(RECORDS SUPPLIED begins)

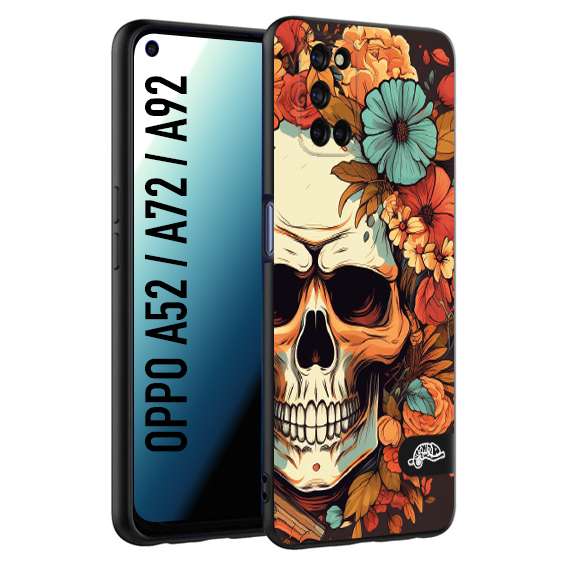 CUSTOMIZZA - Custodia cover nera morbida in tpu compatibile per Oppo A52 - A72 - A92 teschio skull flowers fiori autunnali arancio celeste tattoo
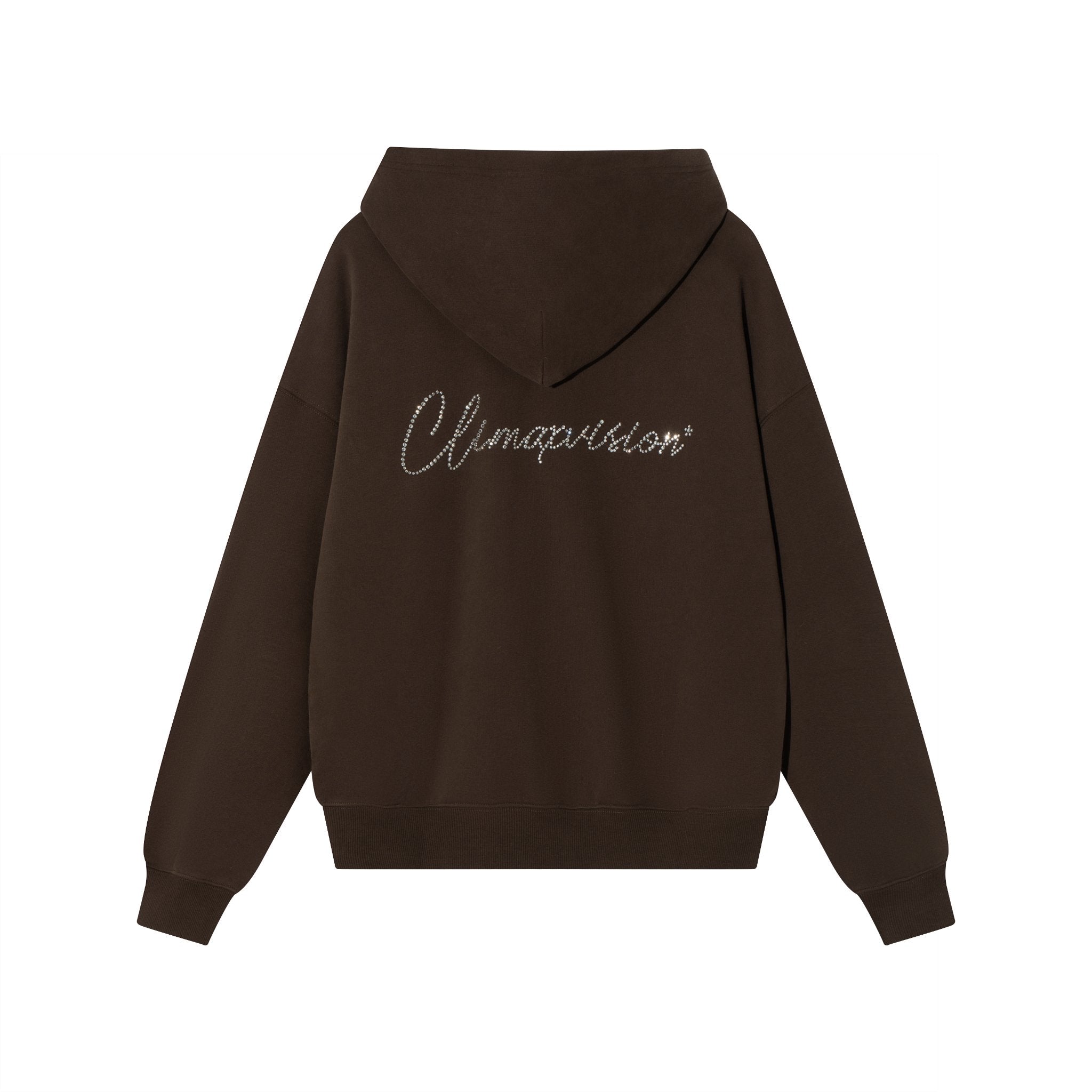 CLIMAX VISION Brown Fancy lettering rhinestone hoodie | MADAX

(RECORDS SUPPLIED ends)
(RECORDS SUPPLIED begins)

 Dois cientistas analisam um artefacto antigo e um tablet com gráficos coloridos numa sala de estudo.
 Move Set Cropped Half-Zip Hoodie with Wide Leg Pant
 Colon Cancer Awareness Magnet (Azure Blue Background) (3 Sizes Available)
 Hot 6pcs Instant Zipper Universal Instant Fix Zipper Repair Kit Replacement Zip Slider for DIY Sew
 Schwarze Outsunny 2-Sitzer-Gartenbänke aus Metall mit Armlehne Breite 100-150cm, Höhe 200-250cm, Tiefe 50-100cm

(RECORDS SUPPLIED ends)
(RECORDS SUPPLIED begins)

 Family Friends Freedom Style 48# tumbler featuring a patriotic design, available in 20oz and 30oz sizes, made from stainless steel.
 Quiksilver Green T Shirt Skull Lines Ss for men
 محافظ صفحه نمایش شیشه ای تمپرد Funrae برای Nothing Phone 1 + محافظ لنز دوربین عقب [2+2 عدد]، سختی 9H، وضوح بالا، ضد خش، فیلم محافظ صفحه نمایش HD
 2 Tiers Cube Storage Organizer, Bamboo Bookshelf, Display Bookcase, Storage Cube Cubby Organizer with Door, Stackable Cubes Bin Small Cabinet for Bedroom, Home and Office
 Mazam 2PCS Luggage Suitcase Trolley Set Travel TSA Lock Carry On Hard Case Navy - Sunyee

(RECORDS SUPPLIED ends)

With the first line being the one containing "Dois cientistas analisam" and the last line the one containing "Hot 6pcs Instant", transcribe exactly the lines above that fall in that range.

● SOLUTION:
 Dois cientistas analisam um artefacto antigo e um tablet com gráficos coloridos numa sala de estudo.
 Move Set Cropped Half-Zip Hoodie with Wide Leg Pant
 Colon Cancer Awareness Magnet (Azure Blue Background) (3 Sizes Available)
 Hot 6pcs Instant Zipper Universal Instant Fix Zipper Repair Kit Replacement Zip Slider for DIY Sew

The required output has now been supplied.